TASK TO CARRY OUT:
Exact copies of the lines below, from the one with "Here we have" up to and including the one with "In this episode, we're", are what this calls for; leave out pictures.

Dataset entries

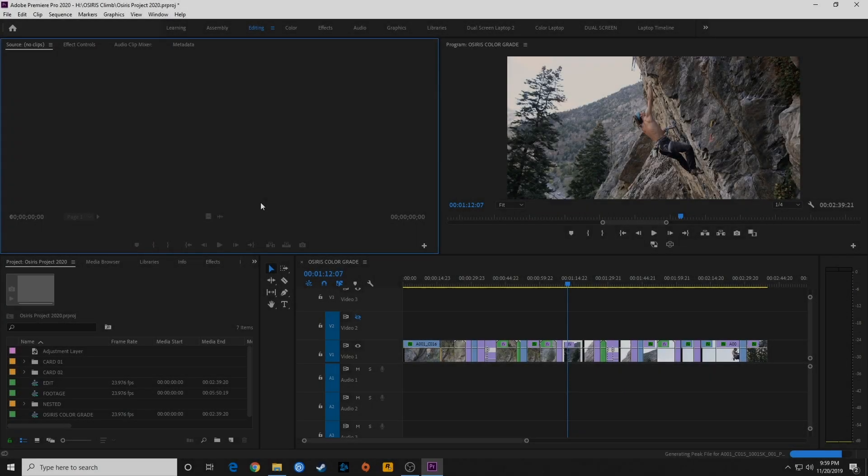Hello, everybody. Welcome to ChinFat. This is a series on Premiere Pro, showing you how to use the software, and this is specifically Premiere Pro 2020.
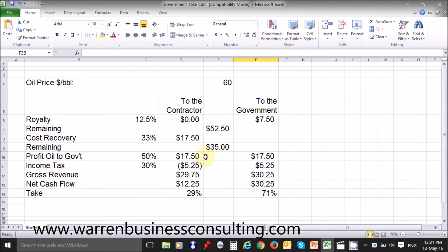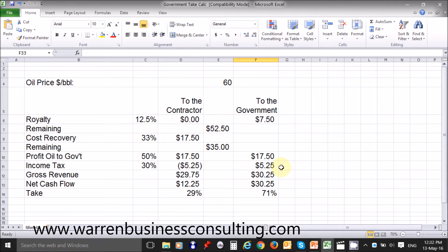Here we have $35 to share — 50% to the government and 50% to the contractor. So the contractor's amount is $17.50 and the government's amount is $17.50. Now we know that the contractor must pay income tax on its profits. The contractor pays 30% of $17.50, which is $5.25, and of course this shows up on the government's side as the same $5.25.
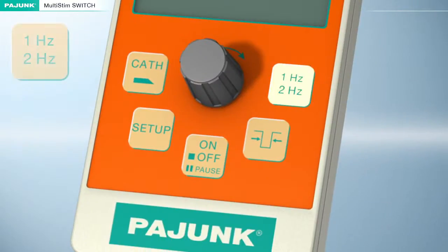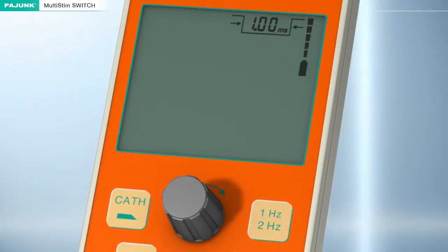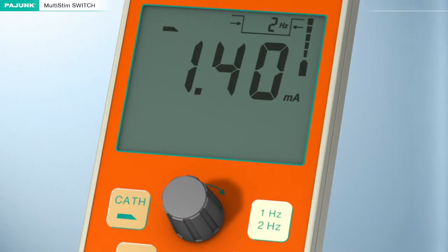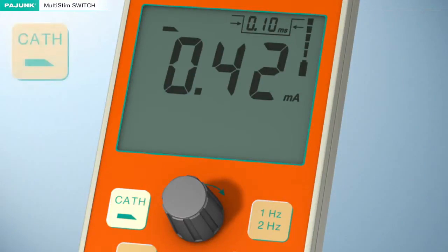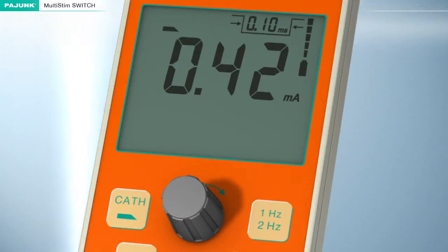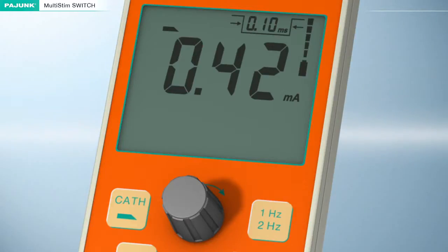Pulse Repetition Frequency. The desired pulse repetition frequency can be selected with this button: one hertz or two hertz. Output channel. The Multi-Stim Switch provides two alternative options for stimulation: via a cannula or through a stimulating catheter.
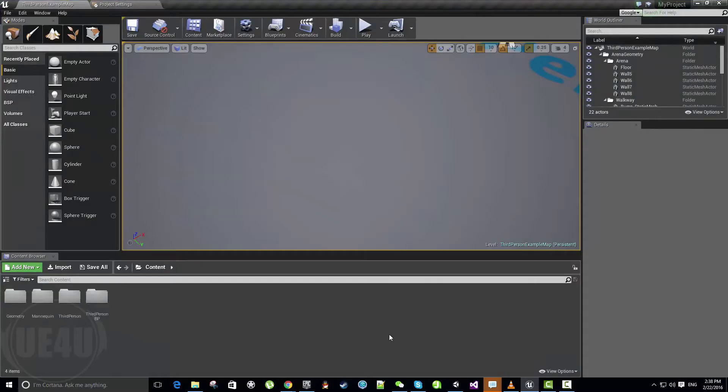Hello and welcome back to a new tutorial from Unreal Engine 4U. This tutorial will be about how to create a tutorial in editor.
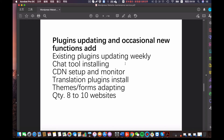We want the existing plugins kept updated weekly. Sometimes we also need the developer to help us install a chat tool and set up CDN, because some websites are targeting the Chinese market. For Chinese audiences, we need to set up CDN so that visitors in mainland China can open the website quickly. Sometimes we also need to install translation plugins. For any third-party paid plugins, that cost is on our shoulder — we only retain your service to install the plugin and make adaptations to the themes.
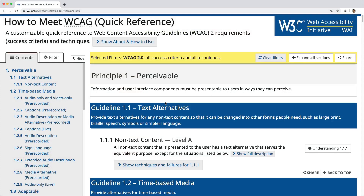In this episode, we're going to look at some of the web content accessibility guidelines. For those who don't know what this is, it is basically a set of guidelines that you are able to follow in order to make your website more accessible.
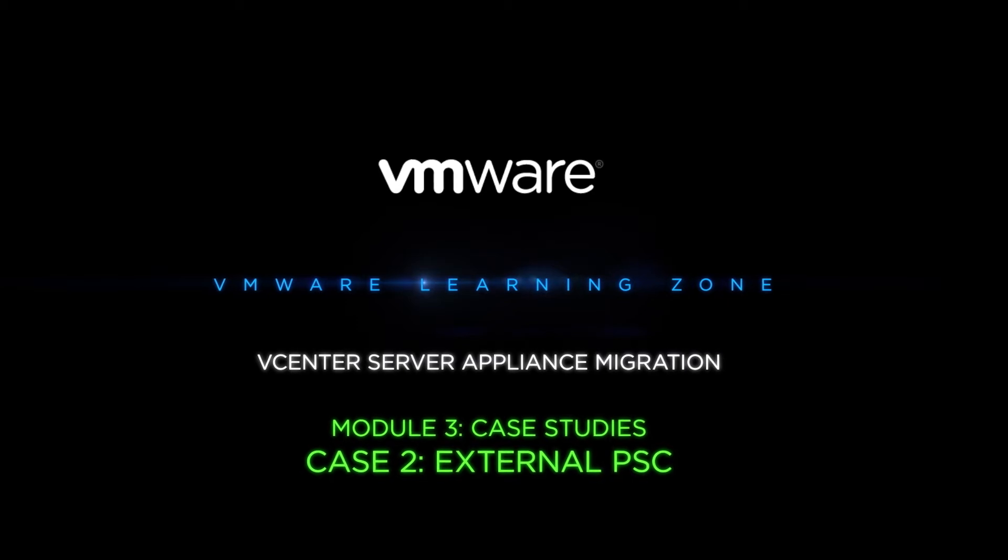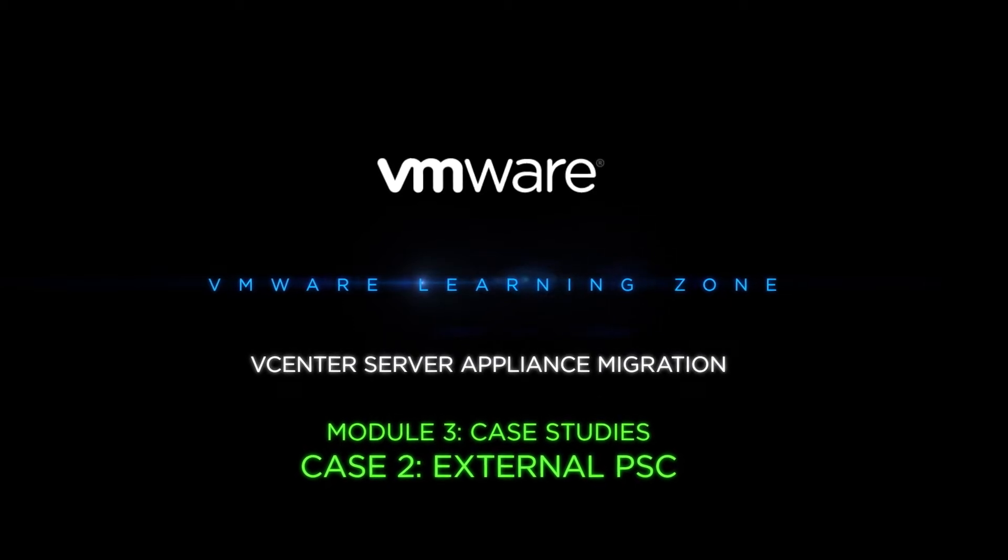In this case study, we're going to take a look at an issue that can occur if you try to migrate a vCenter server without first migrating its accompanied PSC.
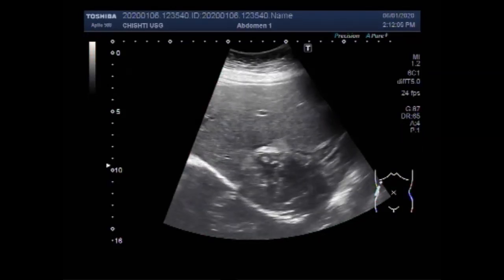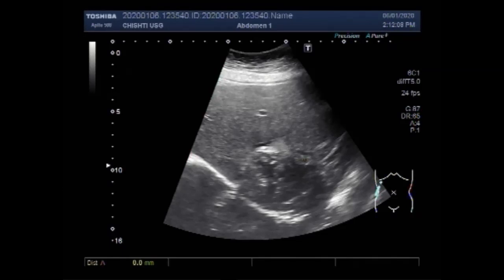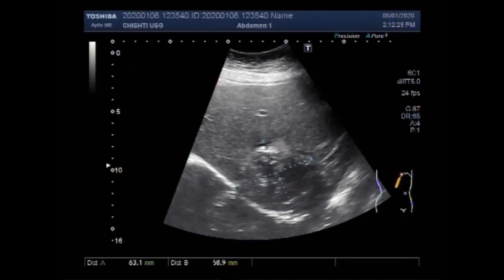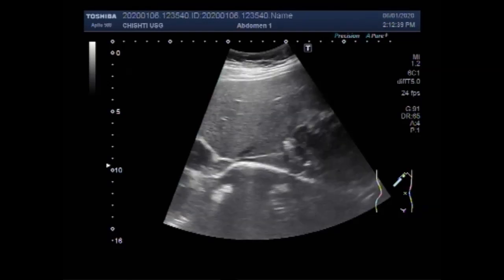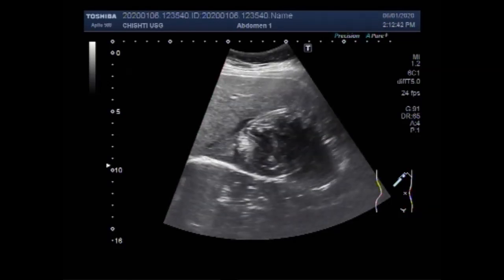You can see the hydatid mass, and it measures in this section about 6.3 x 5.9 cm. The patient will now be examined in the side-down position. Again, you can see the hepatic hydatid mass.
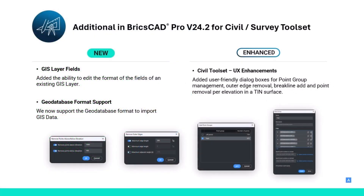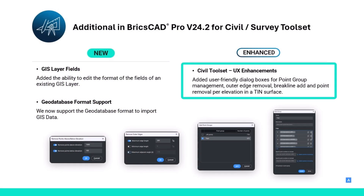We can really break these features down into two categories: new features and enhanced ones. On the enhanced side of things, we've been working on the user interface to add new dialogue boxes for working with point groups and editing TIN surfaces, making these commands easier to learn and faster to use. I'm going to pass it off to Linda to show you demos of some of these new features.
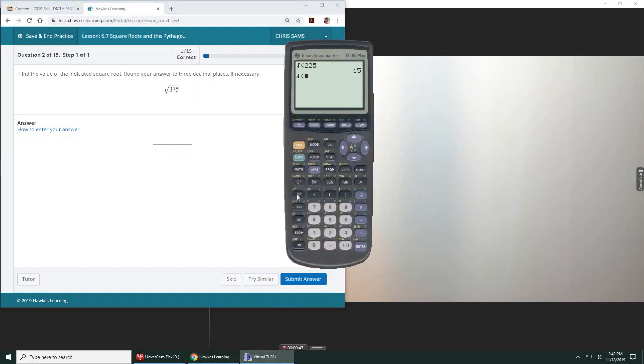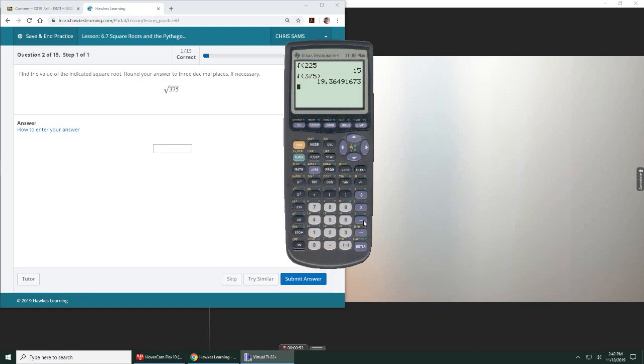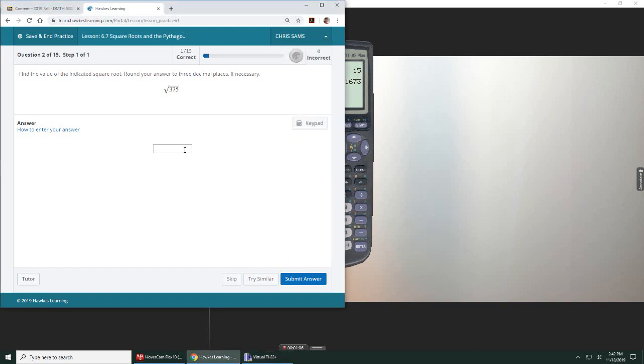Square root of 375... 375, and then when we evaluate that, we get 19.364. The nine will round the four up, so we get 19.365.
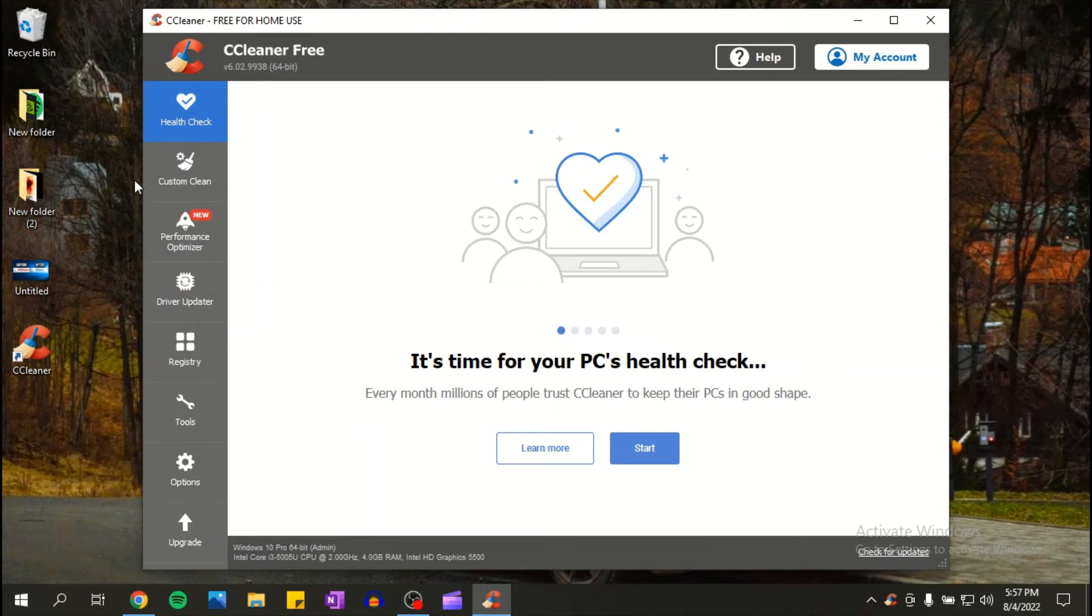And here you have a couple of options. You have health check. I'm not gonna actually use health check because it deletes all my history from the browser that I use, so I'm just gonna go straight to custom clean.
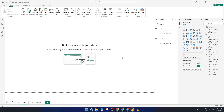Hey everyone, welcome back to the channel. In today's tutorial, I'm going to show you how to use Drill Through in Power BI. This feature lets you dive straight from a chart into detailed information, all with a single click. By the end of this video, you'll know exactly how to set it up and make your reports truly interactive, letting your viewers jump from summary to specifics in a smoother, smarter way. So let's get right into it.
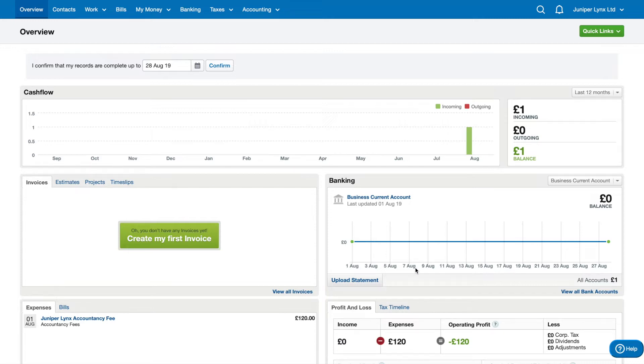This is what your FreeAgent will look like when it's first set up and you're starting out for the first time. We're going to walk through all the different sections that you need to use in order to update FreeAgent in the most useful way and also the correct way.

PROBLEM SOLUTION:
Here we have $35 to share — 50% to the government and 50% to the contractor. So the contractor's amount is $17.50 and the government's amount is $17.50. Now we know that the contractor must pay income tax on its profits. The contractor pays 30% of $17.50, which is $5.25, and of course this shows up on the government's side as the same $5.25.
Pulse Repetition Frequency. The desired pulse repetition frequency can be selected with this button: one hertz or two hertz. Output channel. The Multi-Stim Switch provides two alternative options for stimulation: via a cannula or through a stimulating catheter.
Hello and welcome back to a new tutorial from Unreal Engine 4U. This tutorial will be about how to create a tutorial in editor.
We want the existing plugins kept updated weekly. Sometimes we also need the developer to help us install a chat tool and set up CDN, because some websites are targeting the Chinese market. For Chinese audiences, we need to set up CDN so that visitors in mainland China can open the website quickly. Sometimes we also need to install translation plugins. For any third-party paid plugins, that cost is on our shoulder — we only retain your service to install the plugin and make adaptations to the themes.
In this episode, we're going to look at some of the web content accessibility guidelines. For those who don't know what this is, it is basically a set of guidelines that you are able to follow in order to make your website more accessible.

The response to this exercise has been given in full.